I wonder what the US military would cost if it were a completely non-corrupt institution. Just imagine the same level of technology, the same training standards, the same missions, but with it all being administered by benevolent and competent individuals.


 No.859

>>858

I too wish for a true utopia, but our world is rotten to the core, corrupt and cruel and full of greed.


 No.860

>>859

It's neither utopian nor even unrealistic. The problem is that there's so much bureaucratic bloat. There are hundreds of different little offices and agencies in the federal government alone, with all of them probably having their own IT systems, accounting procedures, ethical guidelines and so forth, not to mention those of their parent agencies. For starters, it would make sense to have a single data system for the entire government, with one single authoritative record for every transaction by every department. That alone would go a long way to reducing the administrative burden.

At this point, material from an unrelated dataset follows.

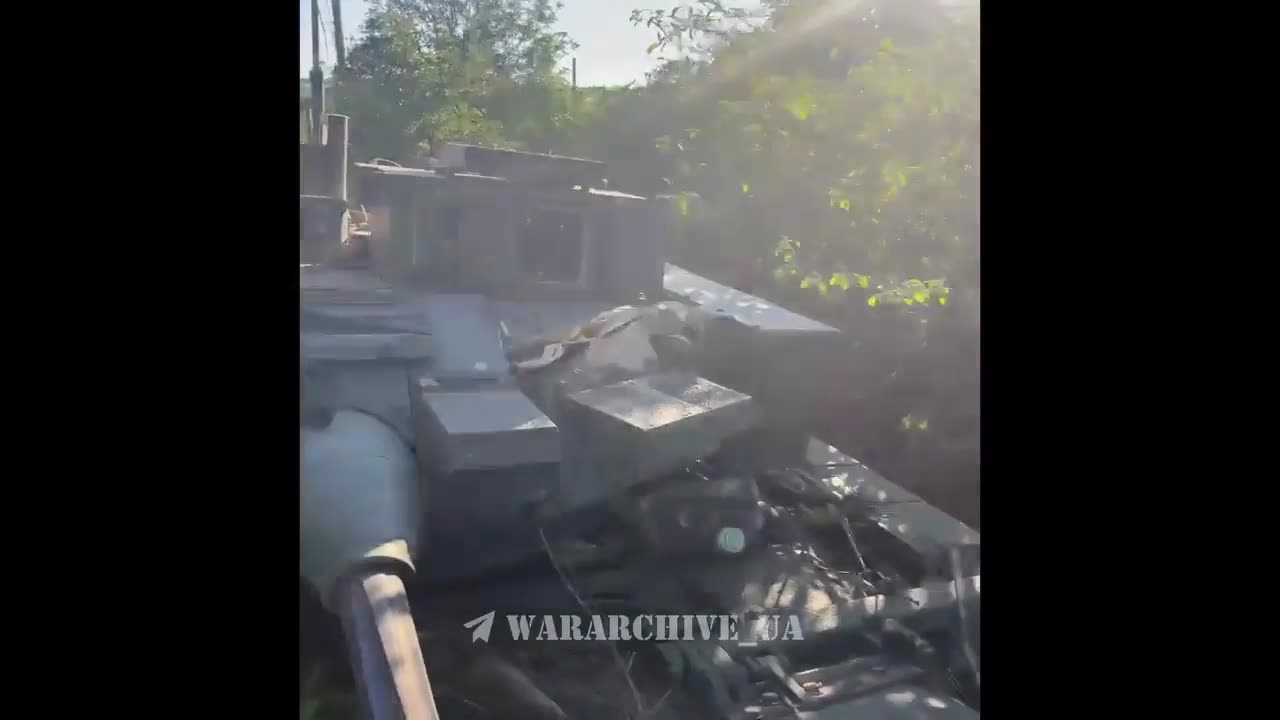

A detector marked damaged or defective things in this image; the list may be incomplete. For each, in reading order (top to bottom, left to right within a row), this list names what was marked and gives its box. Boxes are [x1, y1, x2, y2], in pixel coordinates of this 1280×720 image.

damaged armor tile [414, 384, 560, 474]
damaged armor tile [565, 368, 752, 481]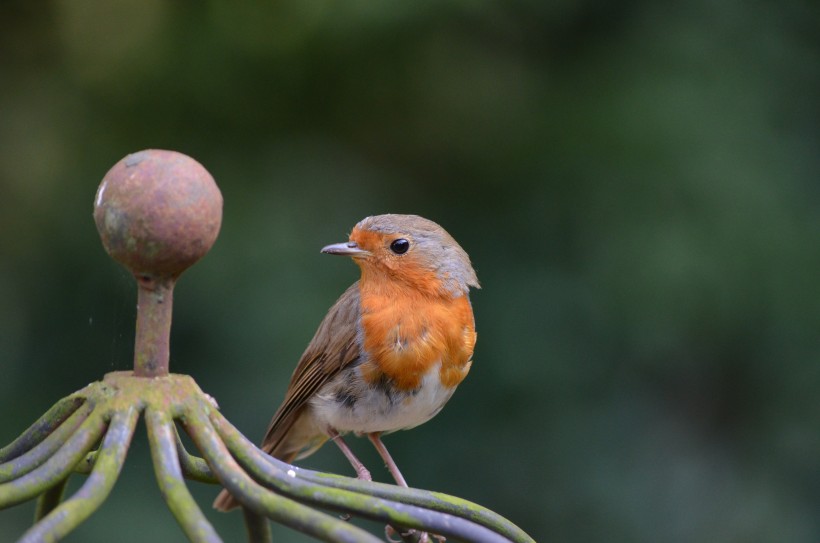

It would also be helpful for the DoD to stop outsourcing so many goddamn things and only turn to the private sector as a last resort. Obviously these contractors are taking the government for a ride, be they aerospace firms selling a fighter jet for $1T or shady Syrian rebels being "trained" at $10M each only to desert a few months afterward. I'm quite sure the Pentagon has the resources and expertise to get a lot more accomplished in-house, at much lower cost. It all comes down to managerial competence and political will.